Uh! I'm not angry at the coyotes if that is what your thinking. I just put this up because I thought it was a cool find.


----------



## proutdoors (Sep 24, 2007)

It is an incorrect assumption/claim that predators only kill the weak or slow. A pack of coyotes can/do take down a healthy deer/antelope with regularity. Coyotes have HUGE impacts or mule deer populations. If they can run down an antelope, even a 'slow' one, they can run down ANY deer, especially fawns or does that are heavy with fawns.


----------



## Iron Bear (Nov 19, 2008)

I think the DWR should offer points for a bounty on yotes instead of cash. Build enough points and cash them in for certain tags. Free to the DWR and gives a break to the Deer Elk and Goats. :idea:


----------



## proutdoors (Sep 24, 2007)

Iron Bear said:


> I think the DWR should offer points for a bounty on yotes instead of cash. Build enough points and cash them in for certain tags. Free to the DWR and gives a break to the Deer Elk and Goats. :idea:


I like that idea. 8)


----------



## Huntoholic (Sep 17, 2008)

Iron Bear said:


> I think the DWR should offer points for a bounty on yotes instead of cash. Build enough points and cash them in for certain tags. Free to the DWR and gives a break to the Deer Elk and Goats. :idea:


I think that is an excellent idea as well.

How about points for doing so many hours of service work as well?


----------



## Iron Bear (Nov 19, 2008)

Yes! That was an after thought. Include the DH crowd. I would do it every yr just to get another tag. Another option to the DH program. Maybe save up lots of pts over several yrs for a LE tag. Seems to have lots of possibilities. 

Who knows we might get our historic Jack Rabbit herd back.  :mrgreen:


----------



## Loke (Sep 7, 2007)

Do you get extra points for the really big coyotes?


----------



## proutdoors (Sep 24, 2007)

Loke said:


> Do you get extra points for the really big coyotes?

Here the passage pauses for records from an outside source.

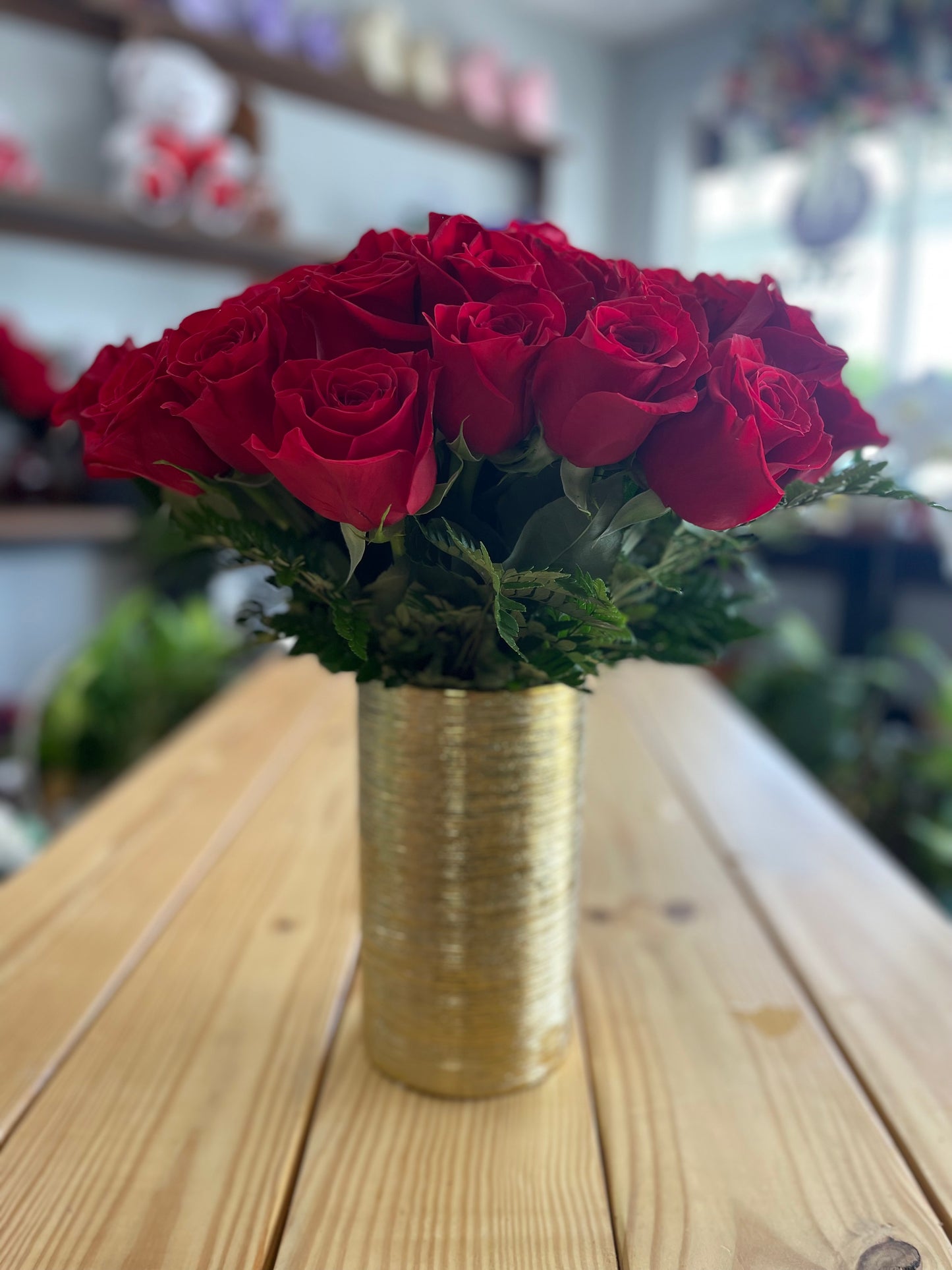 Love and romance bouquet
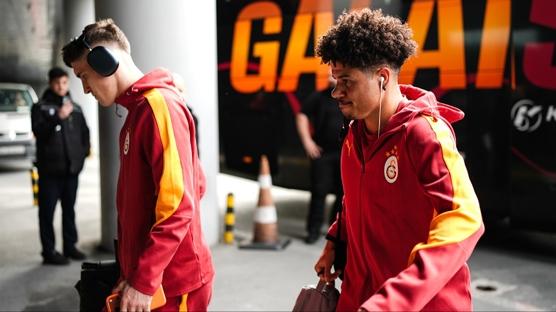 Galatasaray, �talya'ya gitti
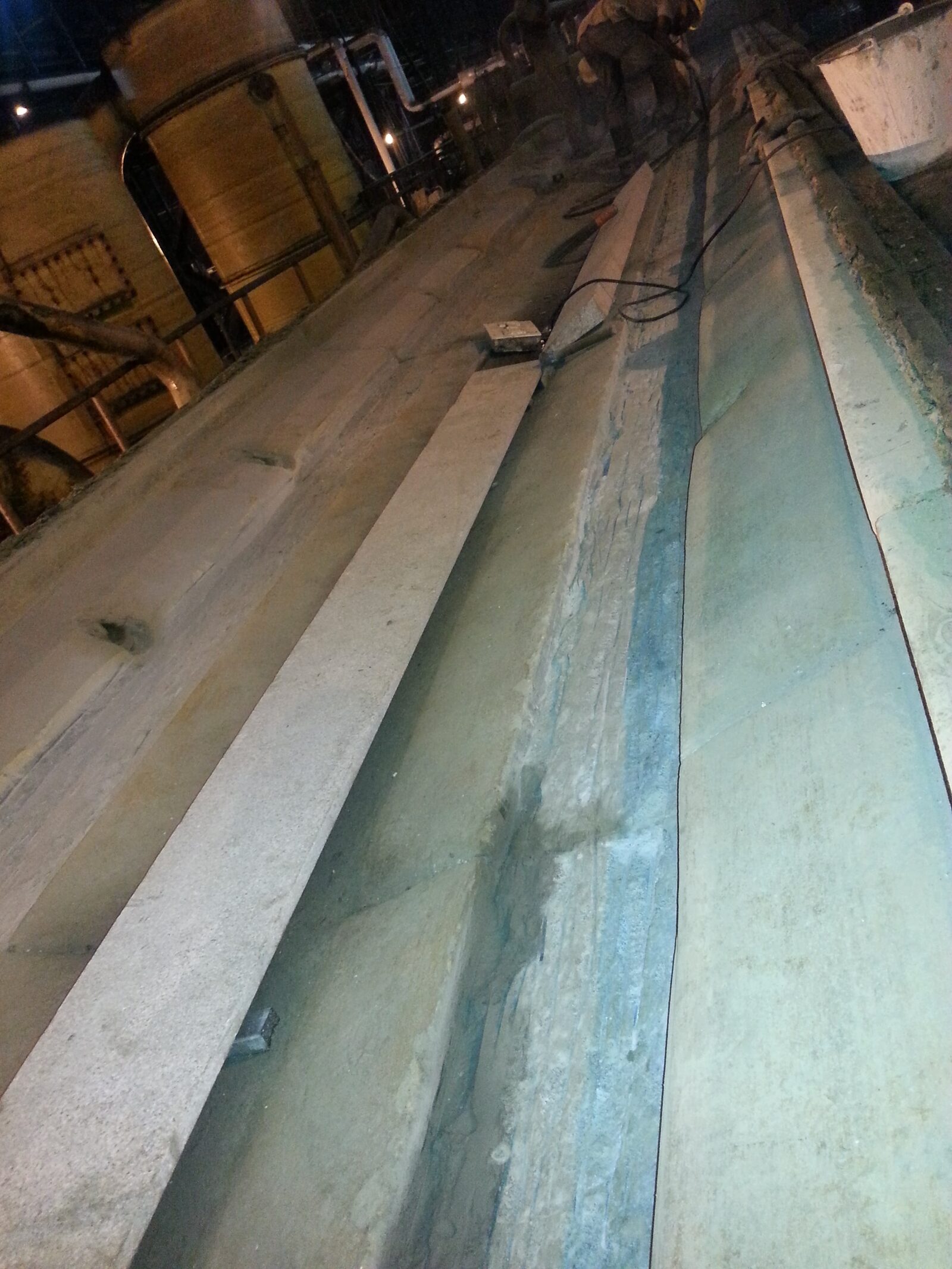 Maintenance and spares for granite pickling lines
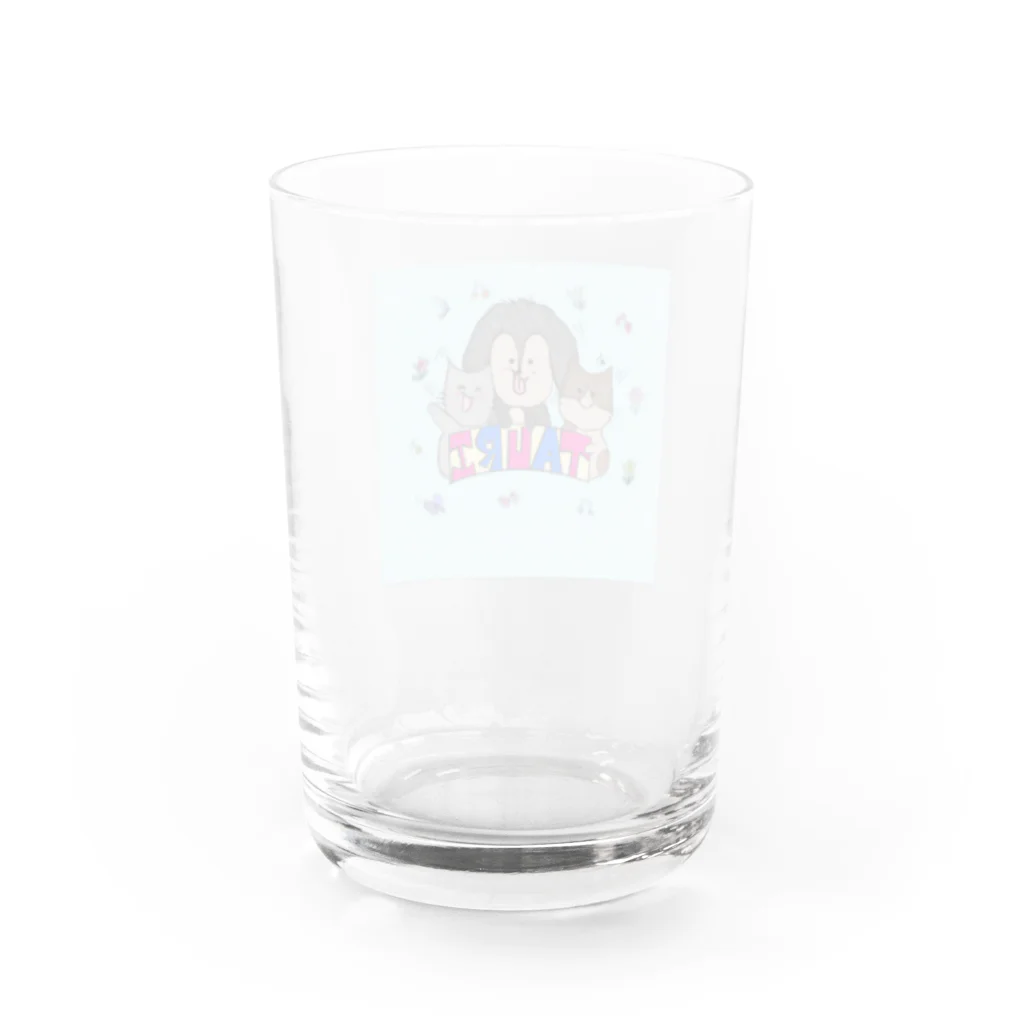 TAURI SHOPのTAURI CHANNEL Water Glass :back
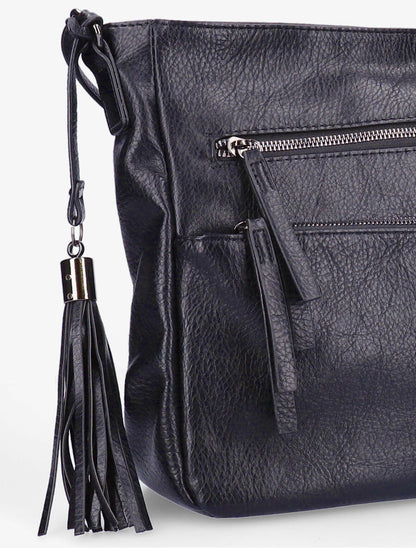 Sac besace Zoé - Marine - 4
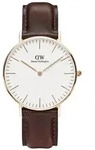 Daniel Wellington Quarzuhr CLASSIC BRISTOL, (1-tlg), Quarz Analog braun
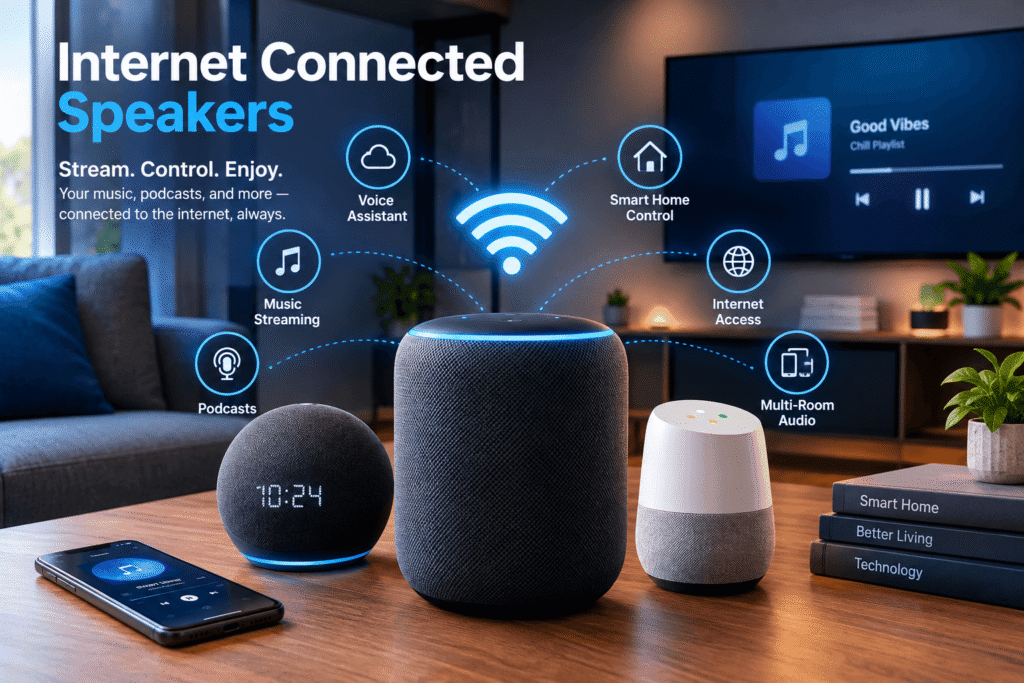 Internet Connected Speakers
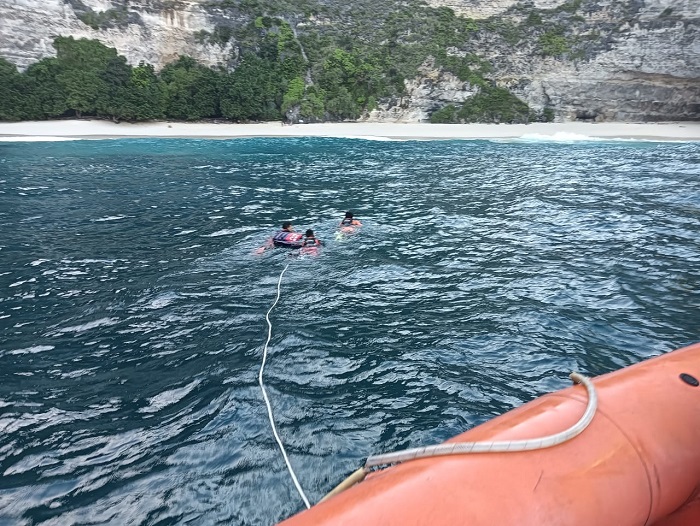 Dilaporkan Hilang di Pantai Kelingking, Wisman India Ditemukan Tak Bernyawa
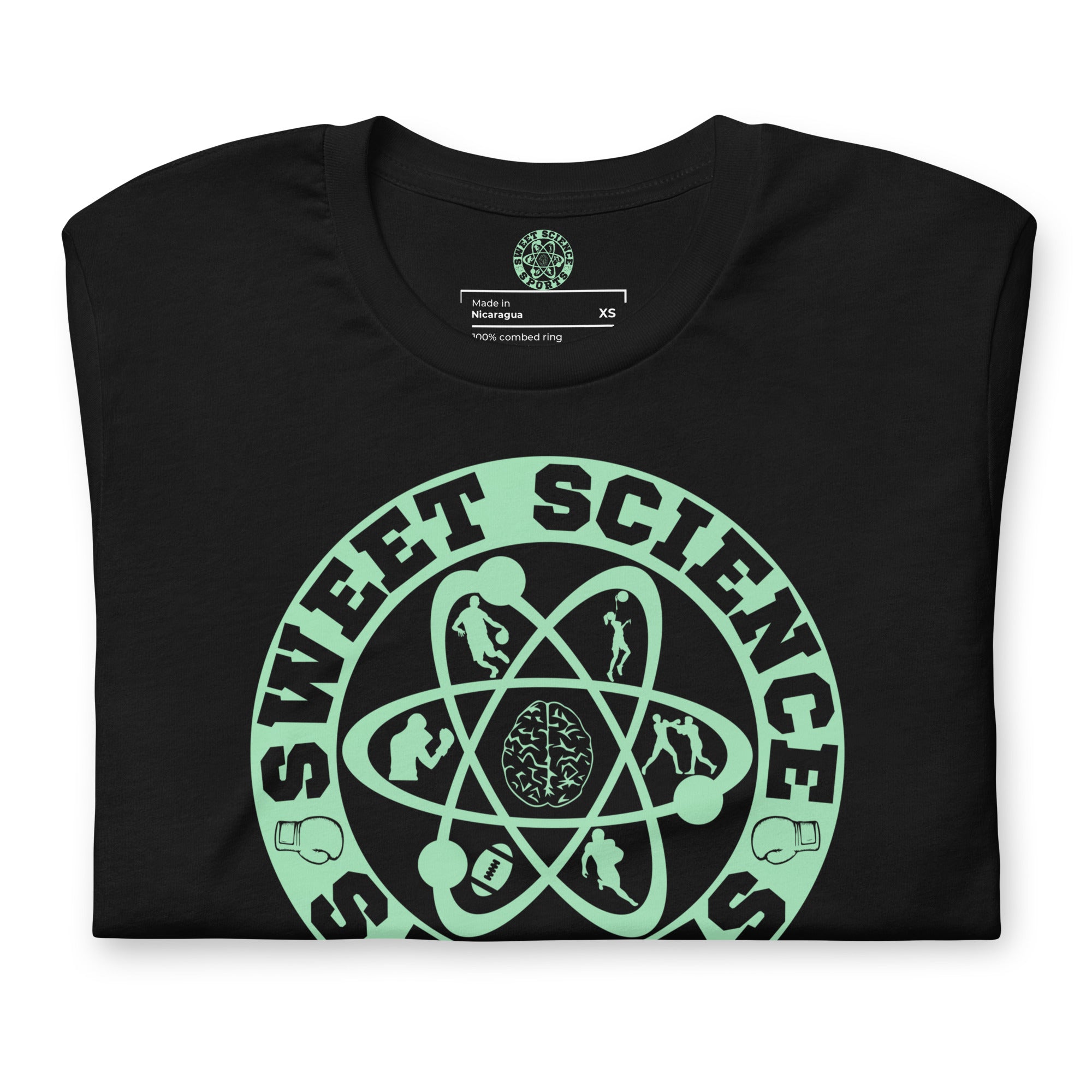 Sweet Science Sports t-shirt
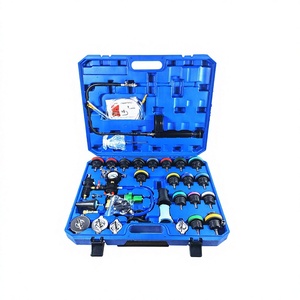Professional 34 PCS Multi-Purpose Steel Auto <b>Repair</b> Tool Set with Hard for for Water Tank Leak Detection and Vehicle Use - Product Image 1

You get a tag of your choice on the unit of your choice. :twisted:


----------



## .45 (Sep 21, 2007)

Iron Bear said:


> Yes! That was an after thought. Include the DH crowd. I would do it every yr just to get another tag. Another option to the DH program. Maybe save up lots of pts over several yrs for a LE tag. Seems to have lots of possibilities.
> 
> *Who knows we might get our historic Jack Rabbit herd back*.  :mrgreen:


  

Yeah !!!


----------



## Loke (Sep 7, 2007)

what's a "Jack Rabbit"?


----------



## NHS (Sep 7, 2007)

Loke said:


> what's a "Jack Rabbit"?


They are kinda like a Jack Mormon, only with long ears.


----------



## .45 (Sep 21, 2007)

NHS said:


> Loke said:
> 
> 
> > what's a "Jack Rabbit"?
> ...


 -_O- -_O-


----------



## Loke (Sep 7, 2007)

So its a rabbit that drinks coffee and has Sundays off?


----------



## sawsman (Sep 13, 2007)

Loke said:


> So its a rabbit that drinks coffee and has Sundays off?


Yes. And a furry tail... These critters are rarely seen, especially on UWN outings.


----------



## MadHunter (Nov 17, 2009)

Points for yotes....? I can see 1000 trucks with 2000 trigger happy hunters salivating over a tag if this were to happen. Or would it be thousands of jack mormons with cofee mugs hunting yotes on a Sunday?
Either way would be funny!


----------



## Size Matters JR (Feb 21, 2010)

yeah that's funny but it would be nice to get some points for shooting some Yotes!


----------